Empathy: The key to making a group smart
GROUP INTELLIGENCE: Being the smartest guy in the room doesn't necessarily mean your team is going to be the strongest.
In a recent study, researchers found that having super-smart group members did not have a significant effect on how well the group did on brainstorming ideas, solving word games and math problems or completing small projects.
Instead, groups did better when they had members with higher levels of "social sensitivity" — empathy, or "how well group members perceive each other's emotions", said study author Christopher Chabris, a psychology professor at New York's Union College.
And the people likeliest to display such a trait were women. A group's "collective intelligence", or its ability to do well on a broad range of tasks, often lined up with how many women were in the group.
The best-performing groups also had members who co-operated well. Members of such groups let each other talk more often — individuals didn't try to hog the conversation.
The researchers tested 669 people, recruited in Boston and Pittsburgh. The study split participants into groups of two to five people.
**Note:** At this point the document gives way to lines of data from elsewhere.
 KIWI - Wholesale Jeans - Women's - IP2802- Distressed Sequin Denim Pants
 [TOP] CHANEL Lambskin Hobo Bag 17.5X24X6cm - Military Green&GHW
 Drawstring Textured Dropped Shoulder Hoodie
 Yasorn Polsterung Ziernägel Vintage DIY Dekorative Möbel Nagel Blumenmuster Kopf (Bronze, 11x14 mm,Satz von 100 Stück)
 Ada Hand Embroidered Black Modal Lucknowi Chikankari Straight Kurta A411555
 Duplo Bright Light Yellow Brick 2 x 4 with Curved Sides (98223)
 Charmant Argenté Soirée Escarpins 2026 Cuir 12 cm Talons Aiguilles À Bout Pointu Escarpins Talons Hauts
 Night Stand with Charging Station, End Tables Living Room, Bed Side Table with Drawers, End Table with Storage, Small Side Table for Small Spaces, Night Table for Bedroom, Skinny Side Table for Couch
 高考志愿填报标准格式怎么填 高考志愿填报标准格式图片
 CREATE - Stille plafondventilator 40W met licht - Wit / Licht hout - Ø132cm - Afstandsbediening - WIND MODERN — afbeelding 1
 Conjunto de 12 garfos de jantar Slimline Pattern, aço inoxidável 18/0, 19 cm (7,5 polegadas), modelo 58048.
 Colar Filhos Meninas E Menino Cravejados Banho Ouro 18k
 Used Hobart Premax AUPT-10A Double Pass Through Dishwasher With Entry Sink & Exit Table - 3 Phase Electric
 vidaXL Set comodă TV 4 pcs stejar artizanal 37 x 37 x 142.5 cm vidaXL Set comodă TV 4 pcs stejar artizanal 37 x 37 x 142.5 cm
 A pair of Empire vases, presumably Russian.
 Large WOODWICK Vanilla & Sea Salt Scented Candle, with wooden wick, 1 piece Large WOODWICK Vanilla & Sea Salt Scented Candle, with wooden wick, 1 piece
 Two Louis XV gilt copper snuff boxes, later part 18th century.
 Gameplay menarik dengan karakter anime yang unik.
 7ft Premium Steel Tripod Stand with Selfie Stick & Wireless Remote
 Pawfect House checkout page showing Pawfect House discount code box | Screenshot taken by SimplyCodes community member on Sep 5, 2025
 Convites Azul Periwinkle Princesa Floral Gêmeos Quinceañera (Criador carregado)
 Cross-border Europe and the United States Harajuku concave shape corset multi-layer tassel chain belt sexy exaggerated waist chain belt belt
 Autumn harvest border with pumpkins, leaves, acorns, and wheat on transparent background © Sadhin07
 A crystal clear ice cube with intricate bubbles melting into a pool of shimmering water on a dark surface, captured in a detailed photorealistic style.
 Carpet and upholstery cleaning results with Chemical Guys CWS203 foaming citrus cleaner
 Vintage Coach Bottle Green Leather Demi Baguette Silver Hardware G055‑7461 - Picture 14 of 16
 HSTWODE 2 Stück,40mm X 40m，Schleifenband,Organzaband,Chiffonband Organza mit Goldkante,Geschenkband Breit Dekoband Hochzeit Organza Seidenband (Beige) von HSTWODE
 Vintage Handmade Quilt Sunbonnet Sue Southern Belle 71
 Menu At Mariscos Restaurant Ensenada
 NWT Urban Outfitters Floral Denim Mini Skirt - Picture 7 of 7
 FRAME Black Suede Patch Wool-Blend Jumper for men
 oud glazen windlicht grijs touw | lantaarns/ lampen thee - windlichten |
Results were published September 30 in an online issue of Science.
* * *
WOMEN EXECS LEAVING: Women executives, who were vastly outnumbered by their male counterparts over a nine-year period, were also more likely to lose or leave their jobs, according to a recent study.
In the study, 5.5 percent of the executives of Standard & Poor's 1,500 companies were women during a nine-year period. Of those, 7.2 percent left their jobs, whether for personal reasons or because they were fired. Only 3.8 percent of the male executives left their positions during the same period.
Women were more likely than men to leave their jobs voluntarily and involuntarily. Women may choose to leave more frequently because of other responsibilities, such as a family, said Oregon State professor John Becker-Blease.